- _What you will do_: What is needed is an exact copy of all the records.
[[ Data under study, beginning ]]
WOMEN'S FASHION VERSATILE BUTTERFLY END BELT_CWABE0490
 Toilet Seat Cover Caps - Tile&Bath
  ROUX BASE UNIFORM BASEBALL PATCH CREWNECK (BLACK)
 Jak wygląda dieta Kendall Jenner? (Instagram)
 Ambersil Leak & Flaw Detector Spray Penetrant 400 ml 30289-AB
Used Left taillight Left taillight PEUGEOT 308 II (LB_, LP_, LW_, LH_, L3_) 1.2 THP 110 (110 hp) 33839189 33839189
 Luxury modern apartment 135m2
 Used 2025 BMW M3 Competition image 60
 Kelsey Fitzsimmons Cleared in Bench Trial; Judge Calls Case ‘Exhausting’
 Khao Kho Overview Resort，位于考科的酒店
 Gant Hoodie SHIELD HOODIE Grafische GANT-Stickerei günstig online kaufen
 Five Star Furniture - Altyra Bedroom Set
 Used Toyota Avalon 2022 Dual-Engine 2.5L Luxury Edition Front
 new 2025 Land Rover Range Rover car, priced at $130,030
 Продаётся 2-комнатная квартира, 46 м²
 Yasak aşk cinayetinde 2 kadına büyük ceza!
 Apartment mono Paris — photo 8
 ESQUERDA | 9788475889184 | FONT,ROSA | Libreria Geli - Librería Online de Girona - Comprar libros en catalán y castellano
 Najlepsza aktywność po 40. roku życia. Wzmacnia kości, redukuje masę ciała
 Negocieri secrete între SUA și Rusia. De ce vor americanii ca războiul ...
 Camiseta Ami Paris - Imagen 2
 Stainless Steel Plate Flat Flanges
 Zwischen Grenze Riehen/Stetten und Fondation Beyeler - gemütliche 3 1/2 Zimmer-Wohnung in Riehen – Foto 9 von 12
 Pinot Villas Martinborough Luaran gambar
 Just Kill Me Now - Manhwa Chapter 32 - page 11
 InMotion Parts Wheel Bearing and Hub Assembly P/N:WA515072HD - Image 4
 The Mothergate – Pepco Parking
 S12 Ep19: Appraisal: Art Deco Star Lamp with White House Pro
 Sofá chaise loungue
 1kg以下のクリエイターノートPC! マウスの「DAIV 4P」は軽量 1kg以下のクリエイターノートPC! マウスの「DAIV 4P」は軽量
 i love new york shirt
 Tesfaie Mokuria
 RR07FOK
[[ Data under study, end ]]
- _Problem solution_:
WOMEN'S FASHION VERSATILE BUTTERFLY END BELT_CWABE0490
 Toilet Seat Cover Caps - Tile&Bath
  ROUX BASE UNIFORM BASEBALL PATCH CREWNECK (BLACK)
 Jak wygląda dieta Kendall Jenner? (Instagram)
 Ambersil Leak & Flaw Detector Spray Penetrant 400 ml 30289-AB
Used Left taillight Left taillight PEUGEOT 308 II (LB_, LP_, LW_, LH_, L3_) 1.2 THP 110 (110 hp) 33839189 33839189
 Luxury modern apartment 135m2
 Used 2025 BMW M3 Competition image 60
 Kelsey Fitzsimmons Cleared in Bench Trial; Judge Calls Case ‘Exhausting’
 Khao Kho Overview Resort，位于考科的酒店
 Gant Hoodie SHIELD HOODIE Grafische GANT-Stickerei günstig online kaufen
 Five Star Furniture - Altyra Bedroom Set
 Used Toyota Avalon 2022 Dual-Engine 2.5L Luxury Edition Front
 new 2025 Land Rover Range Rover car, priced at $130,030
 Продаётся 2-комнатная квартира, 46 м²
 Yasak aşk cinayetinde 2 kadına büyük ceza!
 Apartment mono Paris — photo 8
 ESQUERDA | 9788475889184 | FONT,ROSA | Libreria Geli - Librería Online de Girona - Comprar libros en catalán y castellano
 Najlepsza aktywność po 40. roku życia. Wzmacnia kości, redukuje masę ciała
 Negocieri secrete între SUA și Rusia. De ce vor americanii ca războiul ...
 Camiseta Ami Paris - Imagen 2
 Stainless Steel Plate Flat Flanges
 Zwischen Grenze Riehen/Stetten und Fondation Beyeler - gemütliche 3 1/2 Zimmer-Wohnung in Riehen – Foto 9 von 12
 Pinot Villas Martinborough Luaran gambar
 Just Kill Me Now - Manhwa Chapter 32 - page 11
 InMotion Parts Wheel Bearing and Hub Assembly P/N:WA515072HD - Image 4
 The Mothergate – Pepco Parking
 S12 Ep19: Appraisal: Art Deco Star Lamp with White House Pro
 Sofá chaise loungue
 1kg以下のクリエイターノートPC! マウスの「DAIV 4P」は軽量 1kg以下のクリエイターノートPC! マウスの「DAIV 4P」は軽量
 i love new york shirt
 Tesfaie Mokuria
 RR07FOK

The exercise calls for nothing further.